Task brief → All of the listing below must be repeated word for word. Pictures are the only thing to omit.

___ Records to use

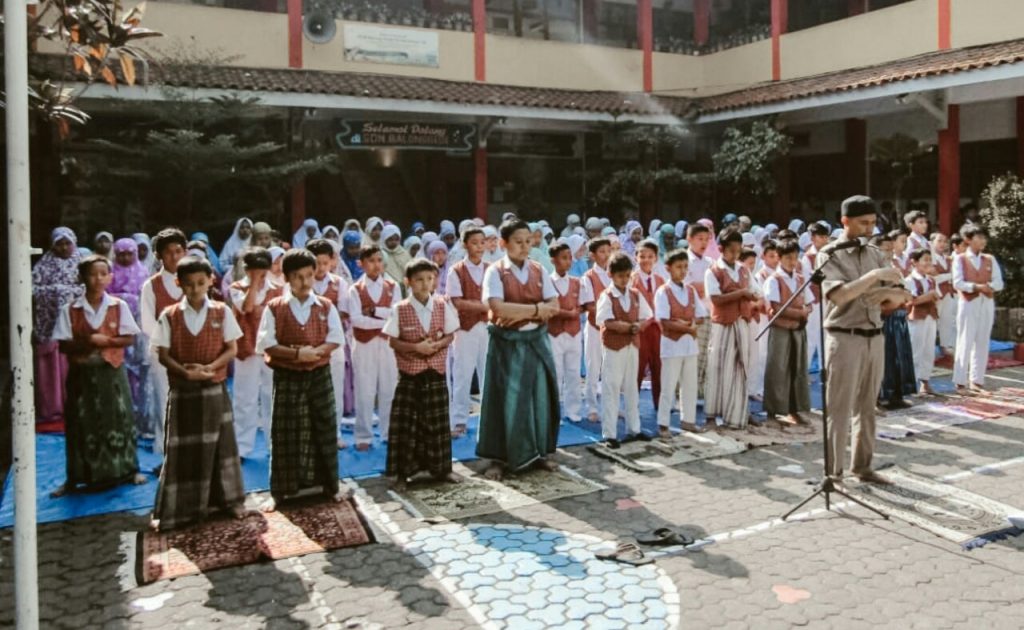 Puluhan Ribu Siswa SD-SMP Kota Bandung Ikuti Istisqa Puluhan Ribu Siswa SD-SMP Kota Bandung Ikuti Istisqa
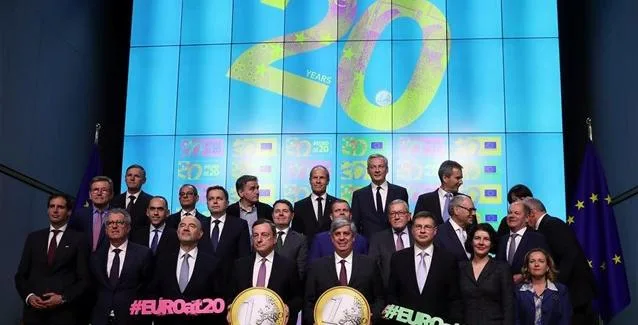 Άναψε «πράσινο» για τη μεταρρύθμιση του ΕΜΣ και την τραπεζική ένωση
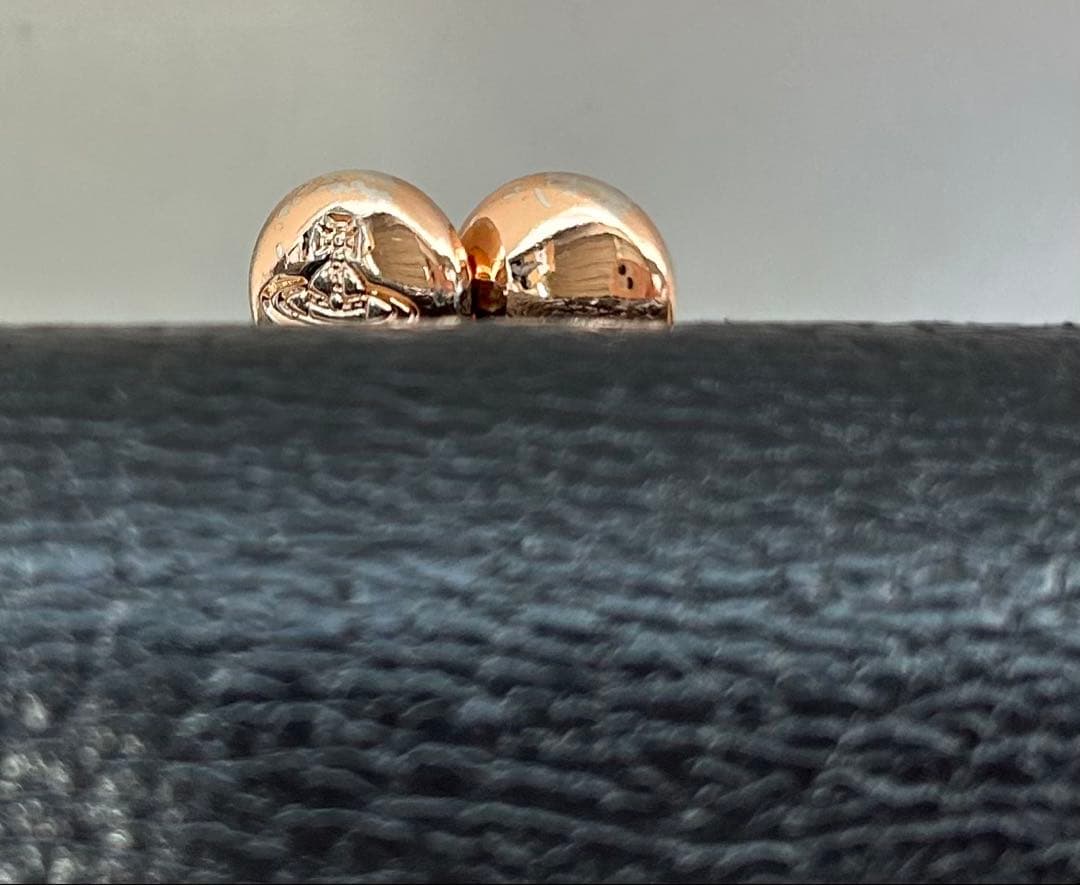 ① ヴィヴィアン ウエストウッド 財布 がま口 黒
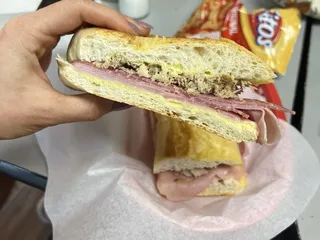 Mity Nice Cafe
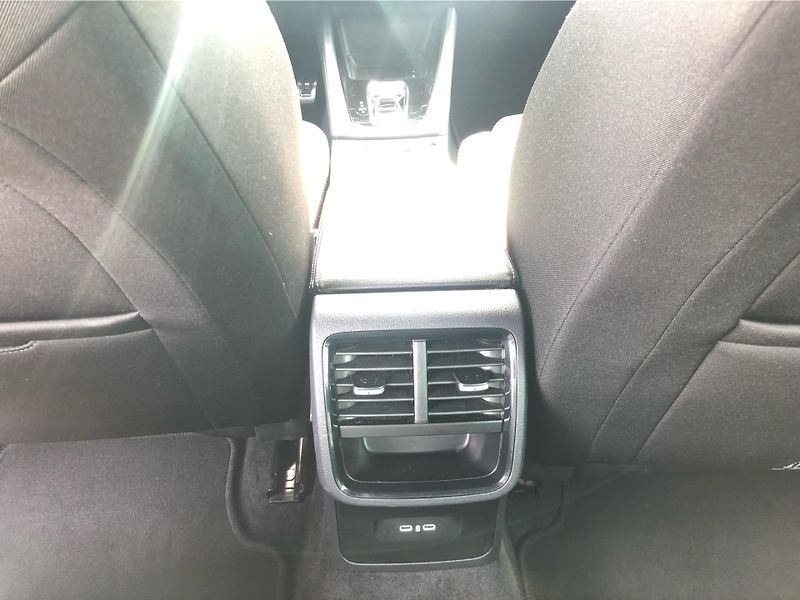 Škoda Octavia COMBI 2.0 TDi DSG 7 st. SPORTL - fotka 23 z 28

______

Reply →
 Puluhan Ribu Siswa SD-SMP Kota Bandung Ikuti Istisqa Puluhan Ribu Siswa SD-SMP Kota Bandung Ikuti Istisqa
 Άναψε «πράσινο» για τη μεταρρύθμιση του ΕΜΣ και την τραπεζική ένωση
 ① ヴィヴィアン ウエストウッド 財布 がま口 黒
 Mity Nice Cafe
 Škoda Octavia COMBI 2.0 TDi DSG 7 st. SPORTL - fotka 23 z 28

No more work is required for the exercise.